The story is disturbing on two levels.
Speck’s
tweet:
Welt reports that Biden proposed [Ursula von
der Leyen] as Nato Sec Gen, but Scholz refused because she “is too critical
towards Moscow, which could become a disadvantage on the long term”.
If Die Welt’s
story is accurate, it’s disturbing that President Biden would think that Ursula
von der Leyen, who is currently the EU’s top bureaucrat, should take NATO’s top
job. There has been nothing particularly distinguished about her time at the
helm in Brussels. But a far more important strike against her is her
unsatisfactory term as Germany’s defense minister between 2013 and 2019. Some
of the country’s problems were the product of a long, long period in which
Germany had neglected its defenses. Nevertheless, von der Leyen doesn’t seem to
have done much to fix them. Germany may have only been spending some 1.2
percent of its GDP on defense at the time (well below the NATO target of 2
percent by 2024), but that was 1.2 percent of a large sum, suggesting that the
problems within the German military were more than just financial.
A
Carnegie Europe note from February 2018 doesn’t make for pretty
reading. Its author cites a report published by Hans-Peter Bartels, Germany’s
parliamentary commissioner for the armed forces (my emphasis added):
“The army’s readiness to deploy has not
improved in recent years but instead has got even worse,” Bartels said. “At the
end of the year, six out of six submarines were not in use. At times, not one
of the fourteen Airbus A-400M could fly,” he added, referring to aircraft
specifically designed to transport troops and military equipment.
Just to add to this catalogue of woes,
the Bundeswehr has only nine operational Leopard 2 tanks,
well short of the 44 needed for the VJTF. Forget about having fourteen Marder
armored infantry vehicles. There’s only three to hand.
As for the Eurofighter and Tornado fighter
jets and the CH-53 transport helicopters, they can only be used on average four
months a year. They are in constant need of repair. And by the way, there’s a
shortage of spare parts for maintenance. Just to add to the miserable state of
the armed forces, the troops lack night-vision equipment and automatic grenade
launchers.
This sorry state of affairs is actually a
recurrent one that raises serious problems about the ability of the Bundeswehr
to modernize the armed forces. It also raises many questions about
Germany’s commitment to pull its weight in NATO and EU missions, as if the
defense ministry wasn’t aware of these shortcomings.
Put
another way, von der Leyen was part of the problem, not a solution.
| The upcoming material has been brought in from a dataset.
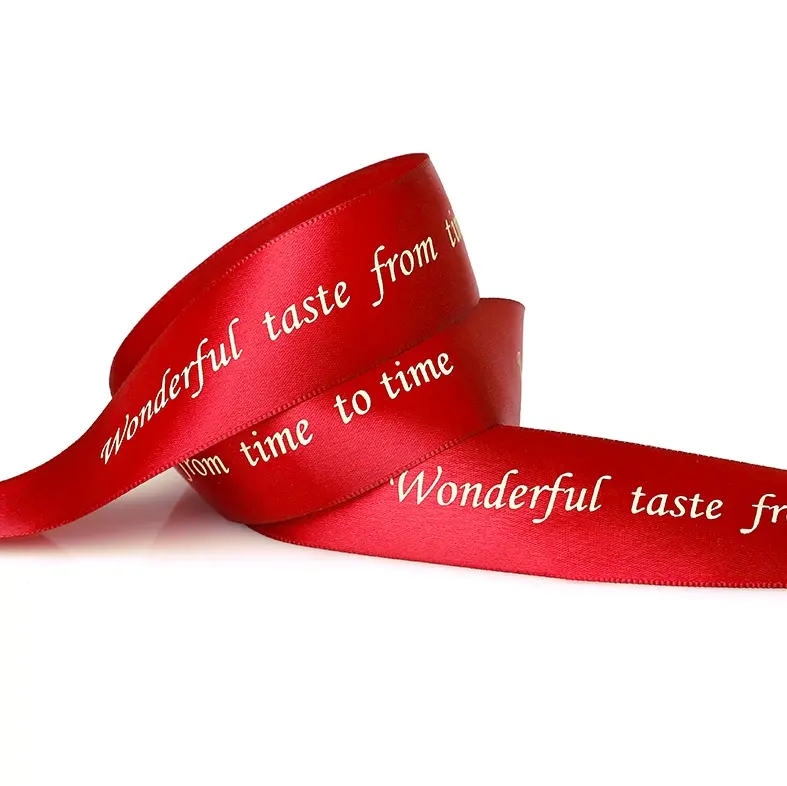 Hot bán polyester ribbon với logo cho món quà gói lễ kỷ niệm Lá Kim Cương in satin Ribbon cho gói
And that
problem, so far as Germany’s geopolitical position was concerned, went beyond
an underequipped military and extended through much of the policy pursued by
the Merkel government, from the reliance on “cheap” Russian natural gas to the
encouragement of the German industry to develop a close relationship with
China, a relationship that (predictably) has proved to be a trap.
And
then there are comments, such as this (via CBS) from February 2015:
In a newspaper interview, German Defense
Minister Ursula von der Leyen said giving the Ukrainians arms to help them
defend themselves could have unintended and fateful consequences.
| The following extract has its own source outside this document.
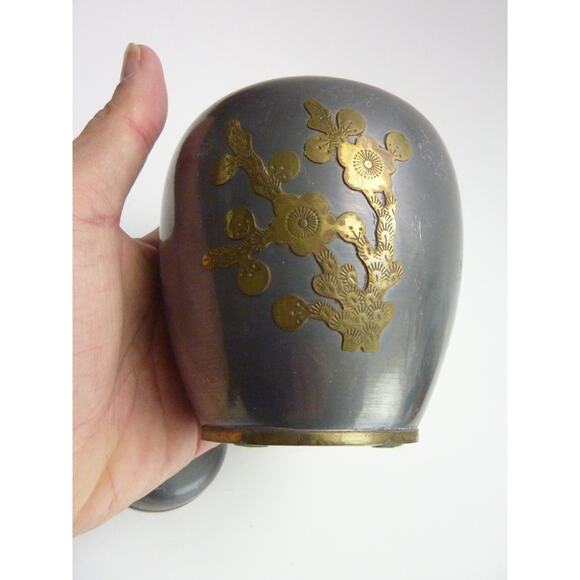 Vintage Pewter Brass Ginger Jar Cherry Blossoms - Picture 5 of 7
“Weapons deliveries would be a fire
accelerant,” von der Leyen was quoted as telling the Sueddeutsche Zeitung
daily. “And it could give the Kremlin the excuse to openly intervene in this
conflict.
Let’s
just say that von der Leyen would not be an ideal candidate to lead NATO.
Even
more disturbing was the reported veto of von der Leyen by Germany’s chancellor
Olaf Scholz. Any such decision might have (in part) reflected domestic
politics. Von der Leyen comes from the (vaguely) right-of-center CDU, Scholz is
a Social Democrat. Nevertheless, the reason Scholz reportedly gave for
rejecting von der Leyen (that she was “too critical” of Moscow, which “could
become a disadvantage in the long term”) is, if accurate, a sign that Scholz
has learned very little from the history of the last few years. The Kremlin
would regard such an attitude not as a declaration of goodwill but as an
admission of weakness.
Moreover,
it would bode ill for NATO members in Europe’s east if being “too critical” of
Moscow were to be a barrier to taking NATO’s top job. If NATO had paid more
attention to warnings from the Baltics or Poland about the path that Russia was
taking, the Kremlin might have felt less confident about embarking on its
invasions of Ukraine.
To
pick someone from Eastern Europe (there are some obvious candidates) now would
send a valuable message to our allies in that region, and to Russia. It’s the
way to go.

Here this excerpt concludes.